++++ GIVEN DATA

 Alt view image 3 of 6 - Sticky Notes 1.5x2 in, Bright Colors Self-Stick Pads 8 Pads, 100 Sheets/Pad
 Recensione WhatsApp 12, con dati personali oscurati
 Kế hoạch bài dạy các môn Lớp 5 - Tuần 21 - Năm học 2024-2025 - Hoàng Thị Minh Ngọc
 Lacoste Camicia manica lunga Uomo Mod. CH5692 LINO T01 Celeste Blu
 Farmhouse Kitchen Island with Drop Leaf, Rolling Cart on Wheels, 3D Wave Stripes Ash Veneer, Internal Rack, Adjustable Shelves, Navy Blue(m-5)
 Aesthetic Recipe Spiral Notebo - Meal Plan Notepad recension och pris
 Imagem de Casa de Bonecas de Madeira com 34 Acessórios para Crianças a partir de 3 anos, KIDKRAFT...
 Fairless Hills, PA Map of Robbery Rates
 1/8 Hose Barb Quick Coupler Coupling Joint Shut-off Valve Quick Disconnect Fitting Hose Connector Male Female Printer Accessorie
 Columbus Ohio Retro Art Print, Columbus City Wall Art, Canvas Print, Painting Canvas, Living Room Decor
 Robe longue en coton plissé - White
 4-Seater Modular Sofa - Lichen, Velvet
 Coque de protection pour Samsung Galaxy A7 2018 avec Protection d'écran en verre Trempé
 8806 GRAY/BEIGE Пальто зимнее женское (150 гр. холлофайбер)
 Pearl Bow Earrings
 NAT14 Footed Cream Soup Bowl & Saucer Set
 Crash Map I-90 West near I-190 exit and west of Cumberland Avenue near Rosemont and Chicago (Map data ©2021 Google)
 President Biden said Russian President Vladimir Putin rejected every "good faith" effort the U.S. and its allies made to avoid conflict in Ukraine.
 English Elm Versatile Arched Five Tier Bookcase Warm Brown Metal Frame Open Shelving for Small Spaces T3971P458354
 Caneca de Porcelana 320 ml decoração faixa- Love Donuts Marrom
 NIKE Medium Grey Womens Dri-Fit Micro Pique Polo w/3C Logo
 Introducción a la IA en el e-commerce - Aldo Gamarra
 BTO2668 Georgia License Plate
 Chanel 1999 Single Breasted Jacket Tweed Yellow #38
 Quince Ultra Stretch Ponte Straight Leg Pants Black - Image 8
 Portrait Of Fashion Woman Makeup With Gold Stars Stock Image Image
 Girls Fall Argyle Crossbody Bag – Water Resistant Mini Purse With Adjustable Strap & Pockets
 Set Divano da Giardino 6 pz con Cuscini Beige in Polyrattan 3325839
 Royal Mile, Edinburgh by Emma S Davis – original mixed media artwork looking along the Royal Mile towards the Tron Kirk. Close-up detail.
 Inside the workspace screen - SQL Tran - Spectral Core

++++++++

■ ASSIGNED TASK
Return every line of the data above in which "Adjustable" appears.

■ REPLY
 Farmhouse Kitchen Island with Drop Leaf, Rolling Cart on Wheels, 3D Wave Stripes Ash Veneer, Internal Rack, Adjustable Shelves, Navy Blue(m-5)
 Girls Fall Argyle Crossbody Bag – Water Resistant Mini Purse With Adjustable Strap & Pockets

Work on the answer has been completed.